Date-based notification alerts automatically notify relevant staff when an agreement is approaching a key milestone — an upcoming expiration, a renewal deadline, or an overdue execution. Setting up alerts reduces reliance on manual calendar tracking and helps ensure that agreements do not lapse or expire without a deliberate decision.
This article is intended for Agreements Administrators who configure alert settings for your institution.
Types of Date-Based Alerts
Cayuse Agreements supports alerts based on the key date fields stored on each agreement record:
- Expiration approaching — Notifies designated recipients a set number of days before an agreement's expiration date.
- Renewal due — Alerts when a renewal action should be initiated based on the expiration date minus a configured lead time.
- Execution overdue — Notifies when an agreement has been in a pre-execution status (for example, In Negotiation or Routed for Signature) past a configured threshold without reaching an Executed status.
Alerts can be configured with different thresholds to create a tiered notification sequence — for example, a first alert at 90 days before expiration, a second at 60 days, and a final alert at 30 days.
How Administrators Configure Alert Thresholds
As an Administrator, you configure alerts in the administrative settings area of Cayuse Agreements. The general process is:
- Navigate to the Settings tab of Cayuse Agreements.
- Locate the Notifications configuration section.
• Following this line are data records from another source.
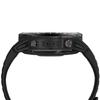 Steel for Case for  for Fenix 6 Watch Bezel Ring Bumper Anti Scratch Metal Cover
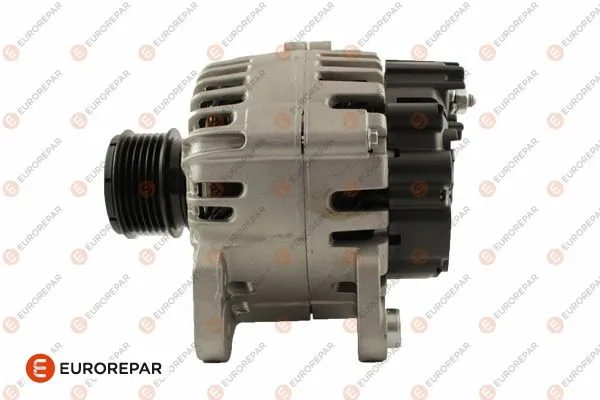 1638100380 Eurorepar Авто генератор
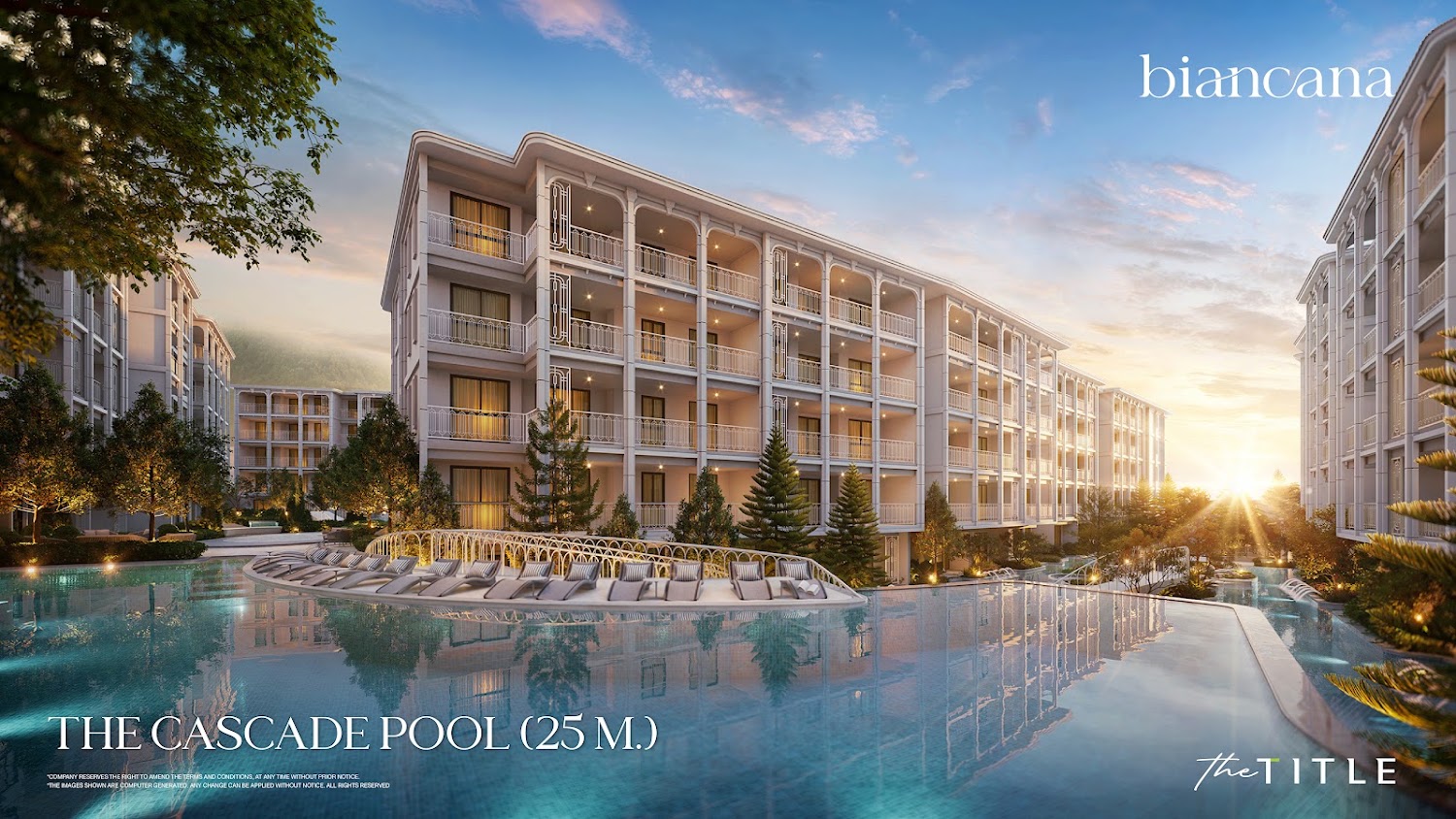 The Title Biancana Surin — biancana_The Cascade Pool 002.jpg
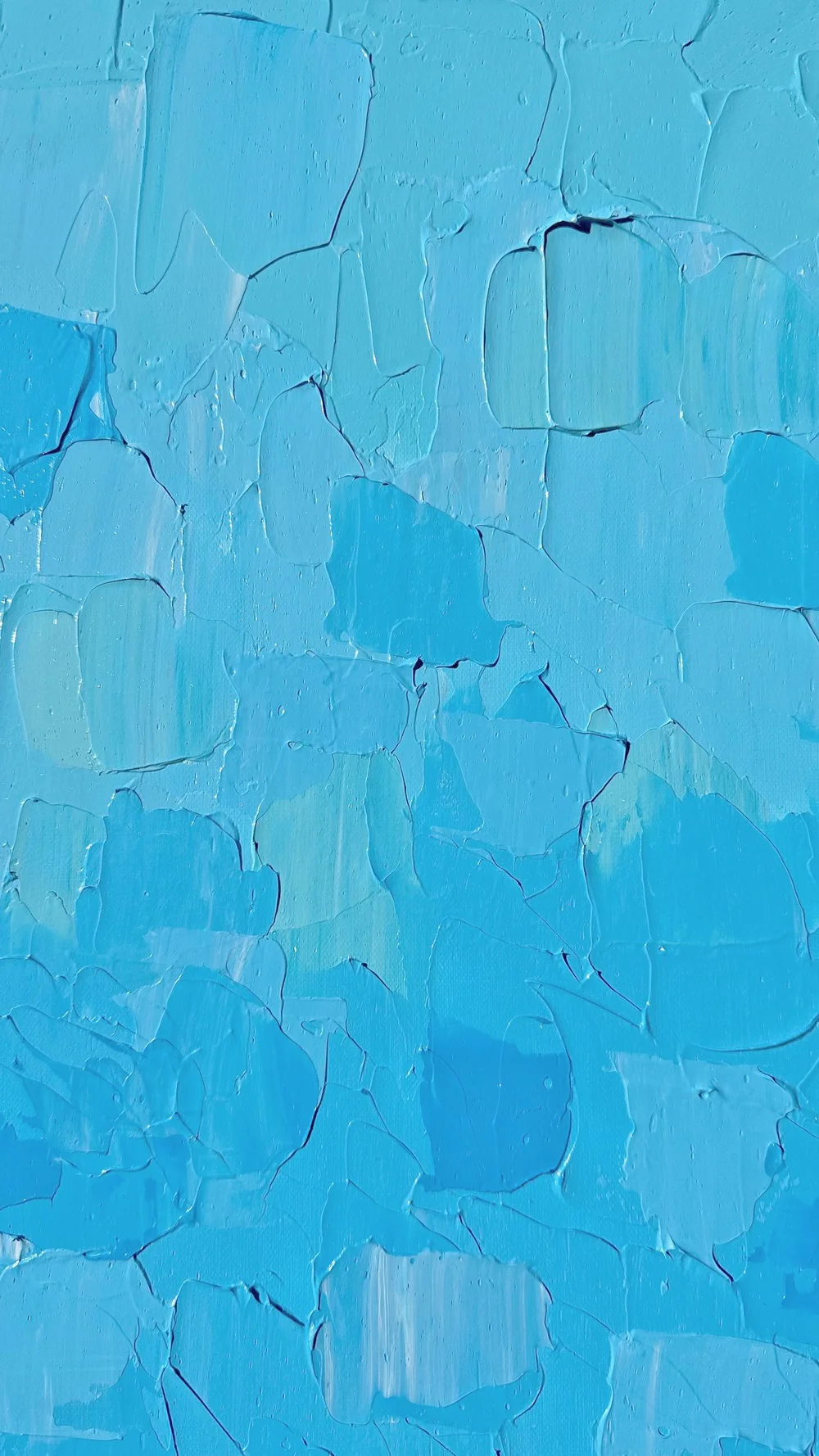 Cruisin Sea Turtle 32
- Select the alert type you want to configure (expiration, renewal, execution overdue, etc.).
- Set the threshold — the number of days before (or after) the key date when the alert should fire.
- Specify who receives the alert:
- The agreement's assigned primary manager
- A specific role (for example, all users with the Contracts Officer role)
- A specific individual or list of individuals
- Enable the alert and save the configuration.
Repeat for each alert type and threshold combination your office needs.
Who Receives Alerts
You have flexibility in targeting alerts to the right people:
- Primary manager: The person assigned to the agreement receives the alert. This is the most direct assignment and works well for offices where one person owns each agreement.
- Role-based recipients: All users with a specified role receive the alert. Use this for alerts that require a supervisor or director to be aware regardless of who manages the specific agreement.
- Specified individuals: A named list of recipients. Use this for small teams or for alerts that should always go to a specific person (for example, a compliance officer who monitors all expiring agreements).
You can combine these — for example, alert both the primary manager and a role-based group.
Relationship to Manual Date Searches
Automated alerts complement — but do not replace — manual date-based searches. Even with alerts configured, run a periodic manual review of your expiration date filter to catch any records where dates were not entered or alerts did not fire as expected. See Managing Key Dates for how to run these searches.